An Ugly, Horrible, Deflating Loss


The Mets have done a lot of good work lately in the area of collapses, but much of it was of the long-term variety. But for sheer, quick-hit terror, little compares to the Mets-Phillies game last night. What the hell happened? I’m only surprised Willie wasn’t lurking in the building somewhere.

I flip over to the game late, Mets on top and Johan Santana is grooving. Big spot in the 8th, Santana gets Howard to fly out, pumps the fist and walks off. Bottom of the inning, Santana is lifted for the pinch hitter and his night is over. Granted, hindsight is always 20/20, but here’s the big question: if Jerry Manuel KNEW that Billy Wagner was not available, might this not be a good time to let Santana go all the way?

Sure it sounds great after the fact, but it was a serious option at the time. In fact, the Mets announcers themselves were going on and on about how a nine-inning performance by Santana, against the Phillies no less, would be exactly what the Mets and Santana needed (Santana especially). He’d only thrown 105 pitches and would have been facing the 5-6-7 spots in the 9th. It was right there for the taking.

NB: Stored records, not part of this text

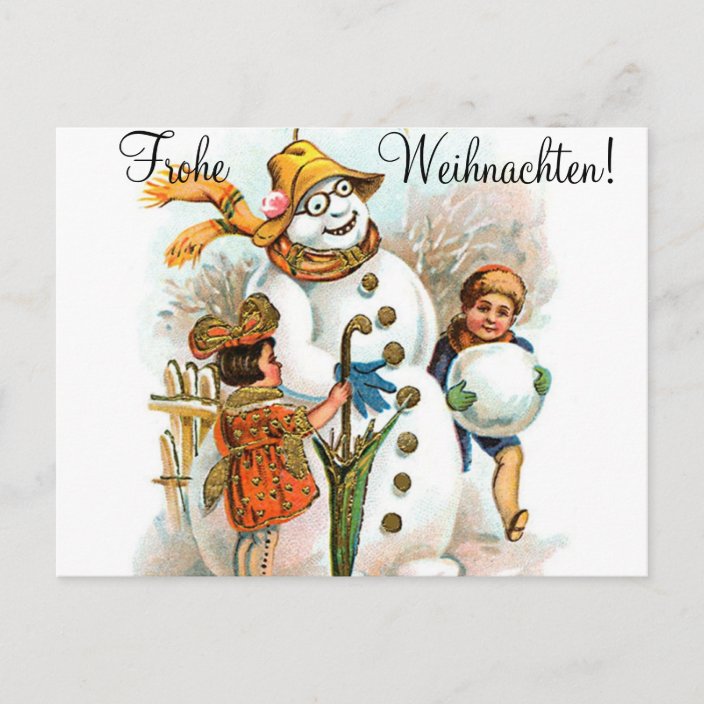 German Christmas Greetings With Christmas Lyrics Holiday Postcard Zazzle Com Could be trust the honest of the cloud. zazzle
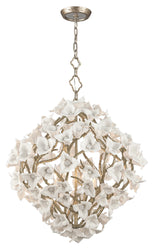 Corbett Lighting - 211-46 - Six Light Pendant - Lily - Enchanted Silver Leaf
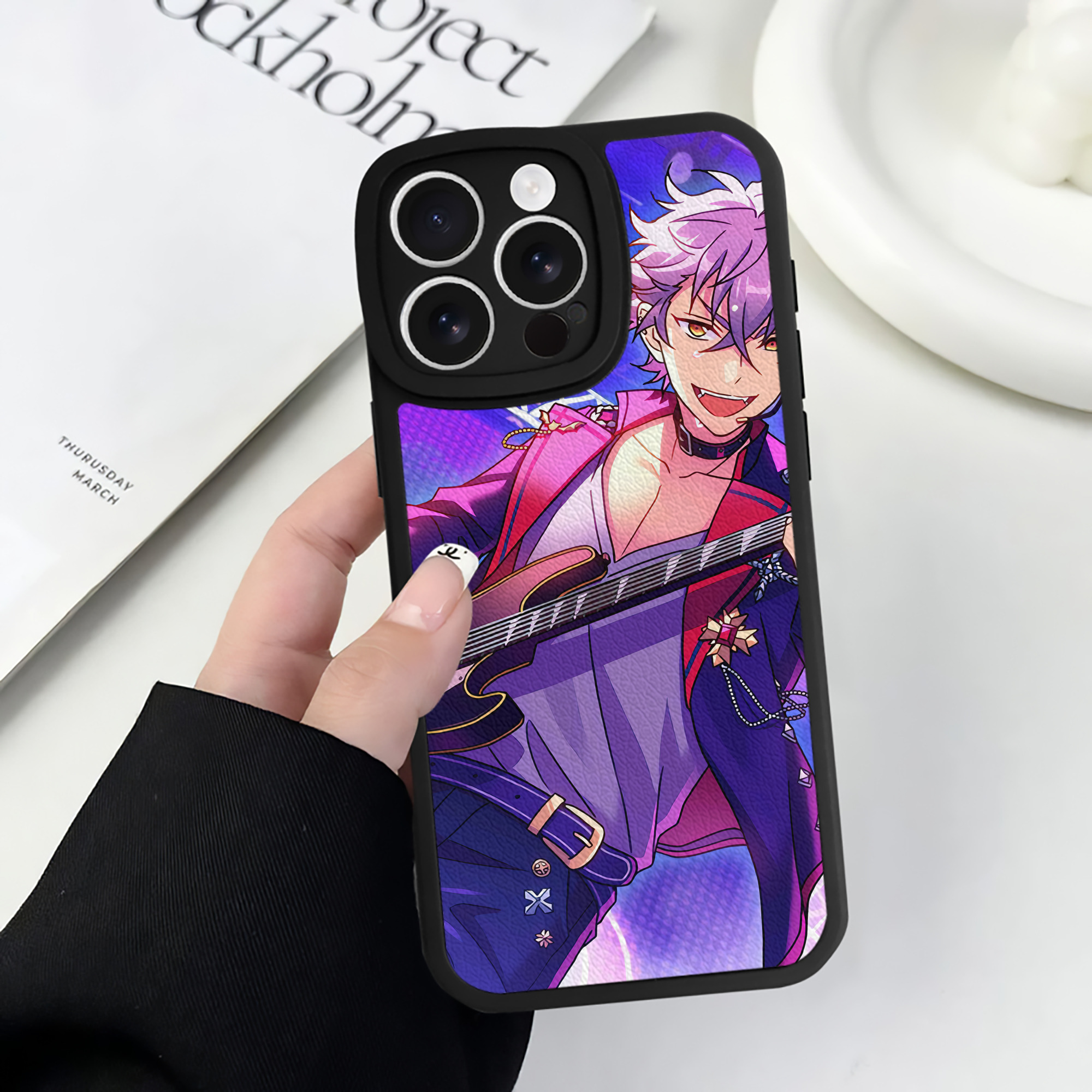 （画像用） あんさんぶるスターズ! Ensemble Stars 【iPhone 16シリーズ対応】シリコンスマホケース（レザー調） 材質：シリコン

Some will say that Santana is no Roy Halladay -- true, Halladay has more complete games this season (7) than Santana has in his entire career (6). But Santana is no stranger to high pitch counts, either. He's thrown over 110 pitches six times this season and went at least 100 pitches in 13 of his 20 starts. Workhorses are meant to be ridden.

That said, if Sanchez does his job – or even a pale impersonation of his job – it’s probably not an issue today. But he didn’t, and it is. So instead of a season-defining win by their ace, a statement game against the NL's best, the Mets are suffering flashbacks to disasters past. In baseball, you’re only as good (or as bad) as your last game but the Mets haven’t exactly shown a lot of resiliency in this area recently. Assuming they get the game in tonight (the forecast calls for rain all day) I truly wonder how the Mets react.